Ciao Rrose.  I agree exactly, my first thought as expressed in post 17 - mainly because I could not see any other meaning at the time.  However, it would still be interesting to know what the author intended when he wrote those words.


----------



## Dearson

rrose17 said:


> If you live in an apartment building and a friend comes to visit and presses the bell downstairs for your apartment, you might say on the intercom "One second, I'll ring you up." which means you'll press the buzzer/bell which will allow your friend to pass through the doors and come upstairs. I suppose it's as if by ringing you are lifting that person up. You could just as easily say "I'll ring you in" meaning you're opening the door for them by ringing the bell/pressing the buzzer.



Thank you Rose. In this case, I suggest _Pagò per un’ora, scelse la sua arma e la fecero salire_.


----------



## johngiovanni

Good morning, Dearson.

It turns out you were right first time in post 14.  The author has replied:

"Rung up means to pay for, so in this case she was rung up to pay for the target session. 

Origin is from an old school cash register, where customers' items were rung up on the mechanical machine, one by one."


----------



## Dearson

It still amazes me how words can have so many different meanings in English, JG. I don’t think it’s the same in Italian!


----------



## johngiovanni

I've never studied it in detail, Dearson, but it may have a lot to do with our notorious phrasal verbs.  Sometimes the same sequence of words can mean very different things. So "blow up" can mean "explode" or "inflate", depending on the context.   See Phrasal Verbs List | EnglishClub  and "ring up" / "rung up" can clearly mean different things depending on the context..

So, in the context of this post, we would have had no problems at all with "When the items were rung up on the register, the total came to $20.17.", but some of us had questions about "(_*She*_)...was rung up".

I guess Italian also has its problems.  "Figuriamoci" seems straightforward in some contexts and a bit of a nightmare in others.

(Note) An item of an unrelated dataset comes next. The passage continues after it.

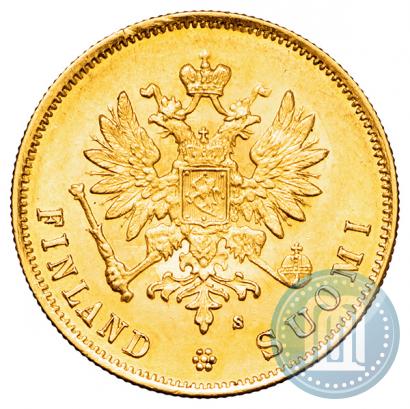 Picture 10 markkaa 1881 year S 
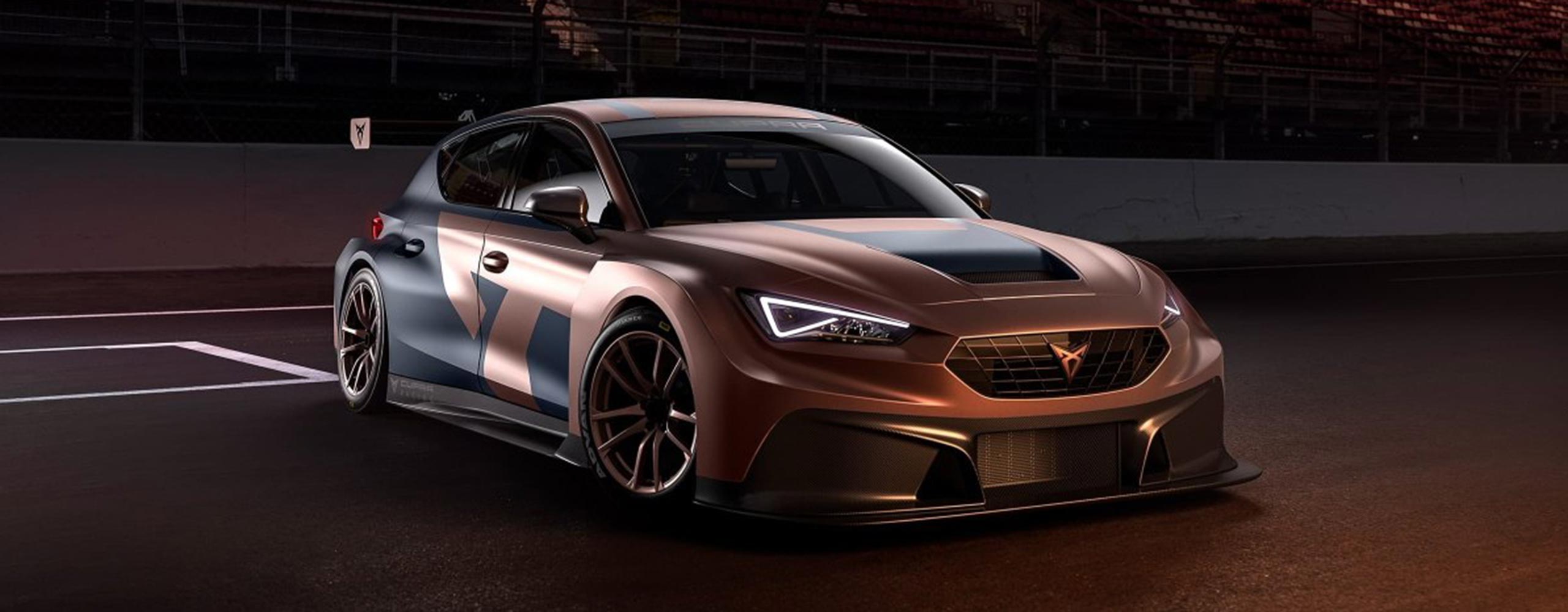 Leon Competición New Car CUPRA Barlow Motors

Still, it's a nice world when a successful author on the other side of the Atlantic can take the trouble to reply to an email from someone he's never met.


----------



## Tellure

johngiovanni said:


> I've never studied it in detail, Dearson, but it may have a lot to do with our notorious phrasal verbs.  Sometimes the same sequence of words can mean very different things. So "blow up" can mean "explode" or "inflate", depending on the context.   See Phrasal Verbs List | EnglishClub  and "ring up" / "rung up" can clearly mean different things depending on the context..
> 
> So, in the context of this post, we would have had no problems at all with "When the items were rung up on the register, the total came to $20.17.", but some of us had questions about "(_*She*_)...was rung up".
> 
> I guess Italian also has its problems.  "Figuriamoci" seems straightforward in some contexts and a bit of a nightmare in others. *Verissimo*.
> 
> Still, it's a nice world when a successful author on the other side of the Atlantic can take the trouble to reply to an email from someone he's never met. *Incredibile! Bravo tu ad averci creduto e provato! *


----------